There were approximately 4 million slaves living when the Abolition Bill was passed on 25 March 1807. Today, more than 12 million people live in forms of modern-day slavery, including forced labour on farms, domestic service – even drug trafficking or sex work.
Tearfund’s new Freedom film tells a heart-breaking story based on our work with young people trafficked into the sex industry in India and Cambodia.
And it poses a question: can even the smallest of our actions here set people free in other parts of the world?
The Freedom pack, which you can order free of charge, will help you and your church or group to explore the issue of slavery and how we can combat it today.
It includes notes for speakers, session plans for small groups, children’s groups and youth groups, and a new resource from worship leaders Tim Hughes and Al Gordon which explores the link between worship and justice in the Bible. Plus you’ll get a free CD featuring new track How long? written specially to commemorate the anniversary of the abolition of the transatlantic slave trade. Together we can end today’s slavery.

J M W Turner's powerful work, 'Slave ship - slavers overthrowing the dead and the dying - typhoon coming on' had a startling impact in its day.
The end of the slave trade
Freedom Day on 25 March, the 200th anniversary of the abolition of the slave trade, marks an incredible victory for Christian campaigners, who mobilised a nation to overturn the most offensive injustice of their day.
By the eighteenth century the slave trade had become the bedrock of the world economy. But this ‘wicked trade’ was brutal and inhumane, and as the abolition campaign developed, the public became increasingly aware of its horrors. In one notorious incident the captain of the slave ship Zong threw 130 slaves overboard so that he could claim insurance for their deaths.
Many Christians were slave-owners too, justifying their actions from the Bible. The Society for the Propagation of the Gospel labelled slaves their property by using red-hot irons to brand the word ‘Society’ across their chests.

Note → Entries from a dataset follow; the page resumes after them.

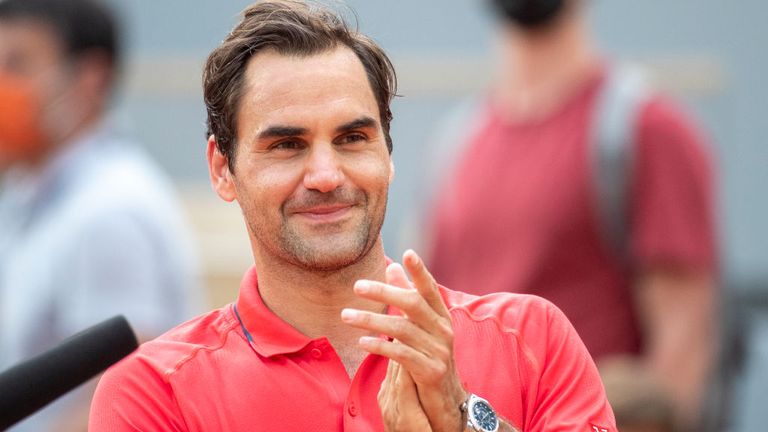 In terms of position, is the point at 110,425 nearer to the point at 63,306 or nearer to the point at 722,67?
the point at 63,306

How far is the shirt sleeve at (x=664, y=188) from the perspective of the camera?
16.4 feet

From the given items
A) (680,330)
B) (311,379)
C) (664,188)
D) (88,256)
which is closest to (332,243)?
(311,379)

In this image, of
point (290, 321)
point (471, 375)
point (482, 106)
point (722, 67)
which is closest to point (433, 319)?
point (471, 375)

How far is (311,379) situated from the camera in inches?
103

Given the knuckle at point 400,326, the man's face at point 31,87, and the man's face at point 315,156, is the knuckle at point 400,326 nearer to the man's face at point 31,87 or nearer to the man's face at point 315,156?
the man's face at point 315,156

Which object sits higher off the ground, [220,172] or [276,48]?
[276,48]

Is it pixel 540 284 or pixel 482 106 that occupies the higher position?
pixel 482 106

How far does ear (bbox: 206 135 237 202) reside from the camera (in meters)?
2.77

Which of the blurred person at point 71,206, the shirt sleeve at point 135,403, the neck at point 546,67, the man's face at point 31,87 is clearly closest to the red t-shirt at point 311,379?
the shirt sleeve at point 135,403

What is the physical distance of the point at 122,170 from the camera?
5.19m

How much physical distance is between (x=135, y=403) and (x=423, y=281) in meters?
0.57

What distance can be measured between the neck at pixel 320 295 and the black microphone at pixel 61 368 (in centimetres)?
28

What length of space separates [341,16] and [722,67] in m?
5.48

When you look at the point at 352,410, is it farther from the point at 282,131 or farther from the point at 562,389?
the point at 282,131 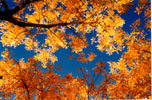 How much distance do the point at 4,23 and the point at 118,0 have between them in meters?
4.71

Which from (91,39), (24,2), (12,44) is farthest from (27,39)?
(91,39)

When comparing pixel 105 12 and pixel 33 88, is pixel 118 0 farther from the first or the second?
pixel 33 88

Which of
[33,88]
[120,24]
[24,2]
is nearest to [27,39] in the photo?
[24,2]

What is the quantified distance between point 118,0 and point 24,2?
3378mm

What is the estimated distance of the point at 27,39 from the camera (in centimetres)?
524

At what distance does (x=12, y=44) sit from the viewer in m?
4.44

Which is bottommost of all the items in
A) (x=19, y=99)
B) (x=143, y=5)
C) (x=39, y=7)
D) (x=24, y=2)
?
(x=19, y=99)

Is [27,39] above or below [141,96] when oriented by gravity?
above

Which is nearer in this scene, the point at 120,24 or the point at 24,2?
the point at 24,2

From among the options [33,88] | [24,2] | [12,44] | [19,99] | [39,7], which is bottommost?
[19,99]

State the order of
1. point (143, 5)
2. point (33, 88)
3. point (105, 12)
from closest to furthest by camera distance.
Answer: point (105, 12) < point (143, 5) < point (33, 88)

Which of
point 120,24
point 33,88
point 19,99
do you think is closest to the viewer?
point 120,24

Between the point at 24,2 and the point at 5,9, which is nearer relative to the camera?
the point at 5,9

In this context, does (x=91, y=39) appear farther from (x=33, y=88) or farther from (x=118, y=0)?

Yet other Christians were waking up to the power they had to change history. The kind of Christian activism that set millions free from slavery was born in part from the widespread revival in the eighteenth century. As people came closer to God, they came closer to a desperate concern about the injustice of slavery and their brothers and sisters who were suffering. Together, Christians from different denominations gathered to change public opinion and change the law.